Re: Spark - ready for prime time?

Alex Boisvert Thu, 10 Apr 2014 08:09:33 -0700

I'll provide answers from our own experience at Bizo.  We've been using
Spark for 1+ year now and have found it generally better than previous
approaches (Hadoop + Hive mostly).

On Thu, Apr 10, 2014 at 7:11 AM, Andras Nemeth <
andras.nem...@lynxanalytics.com> wrote:

> I. Is it too much magic? Lots of things "just work right" in Spark and
> it's extremely convenient and efficient when it indeed works. But should we
> be worried that customization is hard if the built in behavior is not quite
> right for us? Are we to expect hard to track down issues originating from
> the black box behind the magic?
>

I think is goes back to understanding Spark's architecture, its design
constraints and the problems it explicitly set out to address.   If the
solution to your problems can be easily formulated in terms of the
map/reduce model, then it's a good choice.  You'll want your
"customizations" to go with (not against) the grain of the architecture.

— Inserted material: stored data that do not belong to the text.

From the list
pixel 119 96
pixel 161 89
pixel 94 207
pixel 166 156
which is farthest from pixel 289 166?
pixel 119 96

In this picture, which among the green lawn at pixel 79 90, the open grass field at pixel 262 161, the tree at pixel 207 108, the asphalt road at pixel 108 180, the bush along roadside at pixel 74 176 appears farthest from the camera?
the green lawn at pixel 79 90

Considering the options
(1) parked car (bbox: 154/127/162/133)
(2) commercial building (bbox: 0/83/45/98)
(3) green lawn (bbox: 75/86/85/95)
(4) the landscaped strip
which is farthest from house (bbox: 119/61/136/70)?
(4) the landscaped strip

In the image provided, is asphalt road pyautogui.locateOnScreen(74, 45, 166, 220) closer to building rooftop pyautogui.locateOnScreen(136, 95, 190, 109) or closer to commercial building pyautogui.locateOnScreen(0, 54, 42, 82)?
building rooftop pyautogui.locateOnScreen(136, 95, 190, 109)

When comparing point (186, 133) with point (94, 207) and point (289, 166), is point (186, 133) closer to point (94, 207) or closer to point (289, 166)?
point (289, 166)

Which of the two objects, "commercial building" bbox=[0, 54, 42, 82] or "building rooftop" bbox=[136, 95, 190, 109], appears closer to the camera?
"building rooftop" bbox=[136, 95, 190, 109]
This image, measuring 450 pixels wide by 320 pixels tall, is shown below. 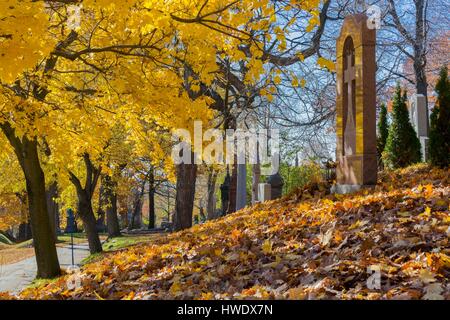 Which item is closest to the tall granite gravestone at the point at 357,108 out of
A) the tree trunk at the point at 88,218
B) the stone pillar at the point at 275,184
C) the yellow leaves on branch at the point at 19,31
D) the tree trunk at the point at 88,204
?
the stone pillar at the point at 275,184

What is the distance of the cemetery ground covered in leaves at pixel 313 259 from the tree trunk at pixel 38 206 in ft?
15.6

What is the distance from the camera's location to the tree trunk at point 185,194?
15477mm

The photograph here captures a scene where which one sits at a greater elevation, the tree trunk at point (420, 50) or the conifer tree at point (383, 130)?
the tree trunk at point (420, 50)

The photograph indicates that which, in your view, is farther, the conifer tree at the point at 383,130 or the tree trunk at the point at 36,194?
the conifer tree at the point at 383,130

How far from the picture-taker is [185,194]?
15516 mm

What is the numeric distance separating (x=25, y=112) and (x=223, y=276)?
6.05 m

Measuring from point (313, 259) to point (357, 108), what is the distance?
4932 millimetres

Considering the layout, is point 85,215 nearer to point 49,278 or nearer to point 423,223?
point 49,278

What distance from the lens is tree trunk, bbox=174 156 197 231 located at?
50.8 feet

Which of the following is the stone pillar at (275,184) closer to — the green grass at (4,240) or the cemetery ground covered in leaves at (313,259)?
the cemetery ground covered in leaves at (313,259)

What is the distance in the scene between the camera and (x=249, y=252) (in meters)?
5.54

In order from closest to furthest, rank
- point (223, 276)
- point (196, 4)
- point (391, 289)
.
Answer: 1. point (391, 289)
2. point (223, 276)
3. point (196, 4)

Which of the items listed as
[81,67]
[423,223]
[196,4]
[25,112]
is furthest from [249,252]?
[81,67]

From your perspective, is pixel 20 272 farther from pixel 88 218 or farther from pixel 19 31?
pixel 19 31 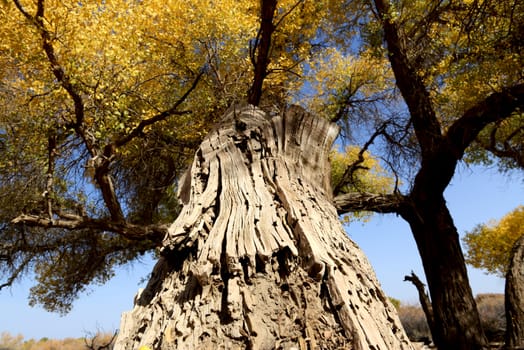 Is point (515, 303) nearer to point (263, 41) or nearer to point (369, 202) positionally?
point (369, 202)

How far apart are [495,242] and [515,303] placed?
1235cm

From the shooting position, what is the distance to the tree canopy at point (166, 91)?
5.86 metres

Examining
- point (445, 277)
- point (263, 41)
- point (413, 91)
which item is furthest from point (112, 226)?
point (413, 91)

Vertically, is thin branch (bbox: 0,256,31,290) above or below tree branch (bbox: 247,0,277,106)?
below

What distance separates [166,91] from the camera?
26.7 feet

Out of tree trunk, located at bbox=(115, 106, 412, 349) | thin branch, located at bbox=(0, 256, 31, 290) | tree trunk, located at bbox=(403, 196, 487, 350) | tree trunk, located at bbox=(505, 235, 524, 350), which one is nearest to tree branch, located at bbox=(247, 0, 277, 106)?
tree trunk, located at bbox=(115, 106, 412, 349)

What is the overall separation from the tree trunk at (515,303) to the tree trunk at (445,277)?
0.39m

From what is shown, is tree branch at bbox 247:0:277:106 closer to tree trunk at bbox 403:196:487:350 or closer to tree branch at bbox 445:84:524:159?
tree branch at bbox 445:84:524:159

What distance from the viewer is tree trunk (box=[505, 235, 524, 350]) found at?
5.57 metres

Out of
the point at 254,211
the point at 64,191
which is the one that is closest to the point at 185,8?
the point at 64,191

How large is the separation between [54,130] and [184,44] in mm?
3780

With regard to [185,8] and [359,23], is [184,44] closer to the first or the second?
[185,8]

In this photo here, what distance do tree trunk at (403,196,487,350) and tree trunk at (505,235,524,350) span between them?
0.39 m

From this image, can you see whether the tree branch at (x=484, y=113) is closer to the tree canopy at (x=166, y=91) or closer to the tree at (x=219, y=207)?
the tree canopy at (x=166, y=91) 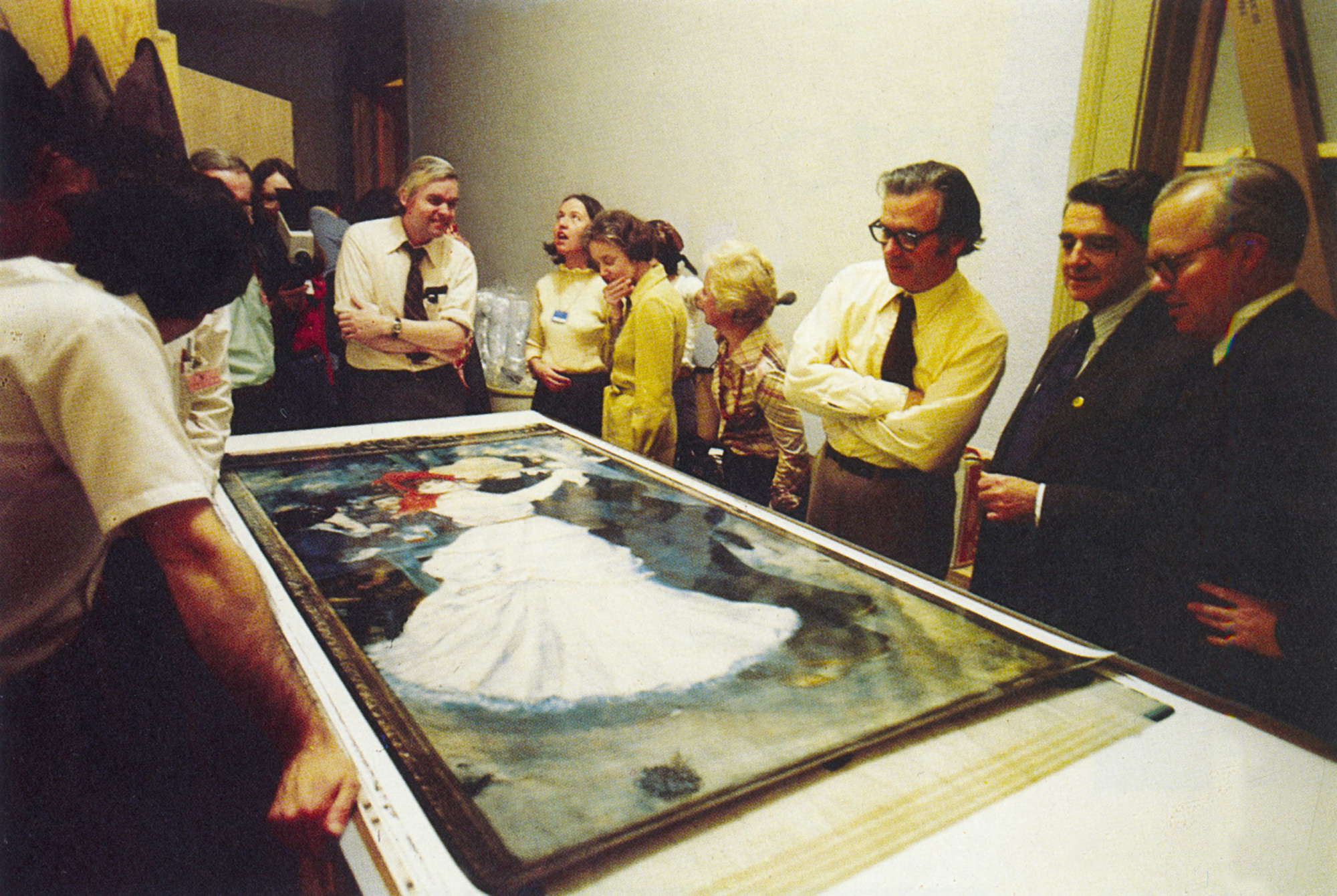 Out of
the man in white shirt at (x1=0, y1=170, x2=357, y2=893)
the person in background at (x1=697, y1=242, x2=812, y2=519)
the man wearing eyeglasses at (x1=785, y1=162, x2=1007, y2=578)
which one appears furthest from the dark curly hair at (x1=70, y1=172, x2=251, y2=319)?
the person in background at (x1=697, y1=242, x2=812, y2=519)

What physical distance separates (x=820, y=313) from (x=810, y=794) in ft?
5.09

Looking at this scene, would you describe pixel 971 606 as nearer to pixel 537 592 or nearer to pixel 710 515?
pixel 710 515

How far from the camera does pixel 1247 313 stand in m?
1.31

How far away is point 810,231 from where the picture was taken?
3422 mm

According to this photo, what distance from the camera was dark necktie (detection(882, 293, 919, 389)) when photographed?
2.04 m

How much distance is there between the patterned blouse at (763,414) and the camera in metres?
2.67

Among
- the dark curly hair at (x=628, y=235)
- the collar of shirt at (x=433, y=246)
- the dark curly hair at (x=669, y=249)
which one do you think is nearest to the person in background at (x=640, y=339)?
the dark curly hair at (x=628, y=235)

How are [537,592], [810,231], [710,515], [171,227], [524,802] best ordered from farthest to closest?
[810,231]
[710,515]
[537,592]
[171,227]
[524,802]

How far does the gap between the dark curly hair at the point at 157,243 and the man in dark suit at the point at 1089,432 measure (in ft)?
4.86

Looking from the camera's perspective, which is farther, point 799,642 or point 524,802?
point 799,642

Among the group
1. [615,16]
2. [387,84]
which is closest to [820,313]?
[615,16]

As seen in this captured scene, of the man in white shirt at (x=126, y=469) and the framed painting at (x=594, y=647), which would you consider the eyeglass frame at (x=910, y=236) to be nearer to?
the framed painting at (x=594, y=647)

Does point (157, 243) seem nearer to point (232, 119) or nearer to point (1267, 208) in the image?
point (1267, 208)

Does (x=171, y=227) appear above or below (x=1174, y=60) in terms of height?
below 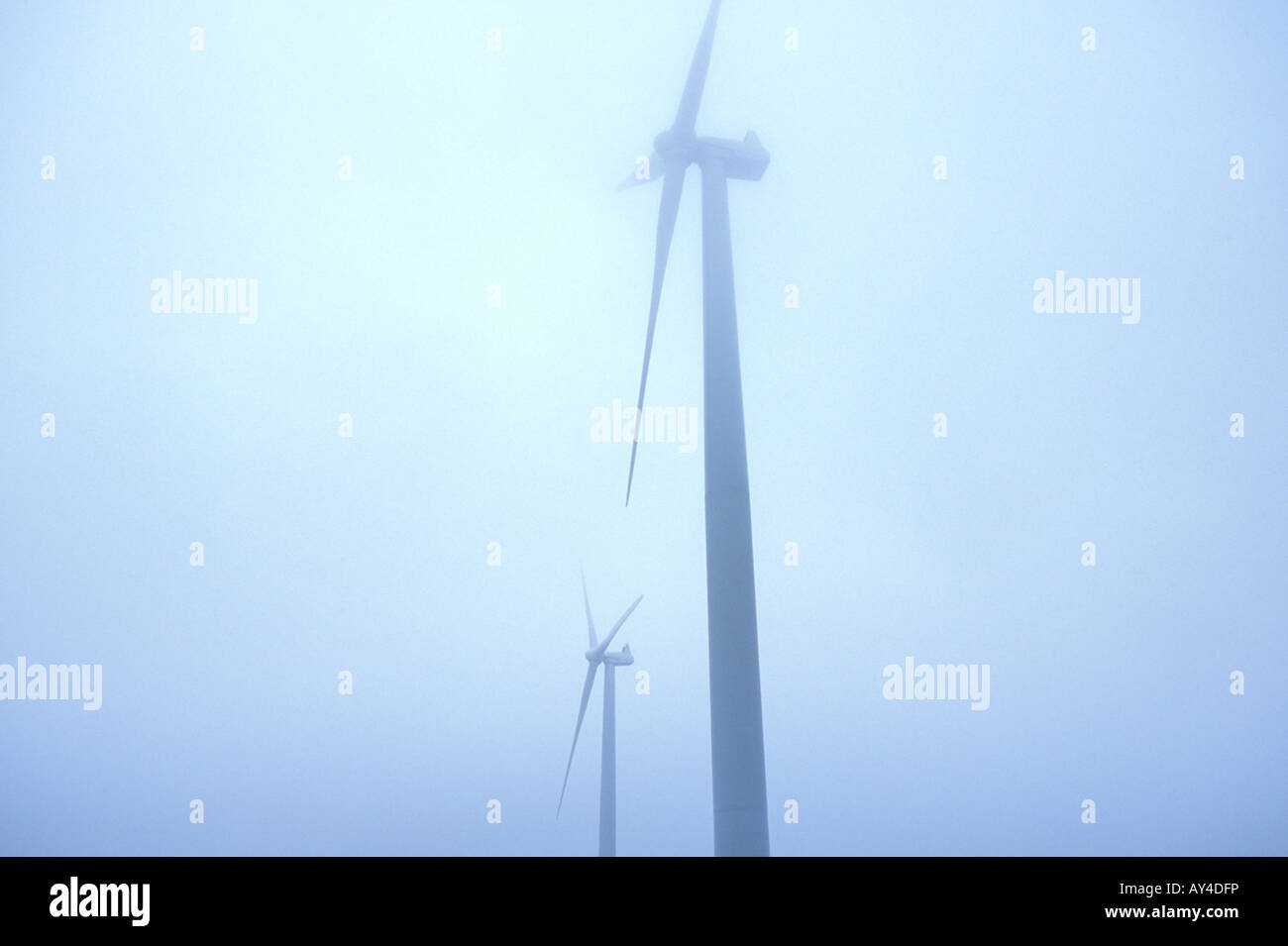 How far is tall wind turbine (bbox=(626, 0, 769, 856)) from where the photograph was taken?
1614 cm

> II. Is it mature enough? E.g. we've created a pull 
> request<https://github.com/apache/spark/pull/181>which fixes a problem that 
> we were very surprised no one ever stumbled upon
> before. So that's why I'm asking: is Spark being already used in
> professional settings? Can one already trust it being reasonably bug free
> and reliable?
>

There are lots of ways to use Spark; and not all of the features are
necessarily at the same level of maturity.   For instance, we put all the
jars on the main classpath so we've never run into the issue your pull
request addresses.

We definitely use and rely on Spark on a professional basis.  We have 5+
spark jobs running nightly on Amazon's EMR, slicing through GBs of data.
Once we got them working with the proper configuration settings, they have
been running reliability since.

I would characterize our use of Spark as a "better Hadoop", in the sense
that we use it for batch processing only, no streaming yet.   We're happy
it performs better than Hadoop but we don't require/rely on its memory
caching features.  In fact, for most of our jobs it would simplify our
lives if Spark wouldn't cache so many things in memory since it would make
configuration/tuning a lot simpler and jobs would run successfully on the
first try instead of having to tweak things (# of partitions and such).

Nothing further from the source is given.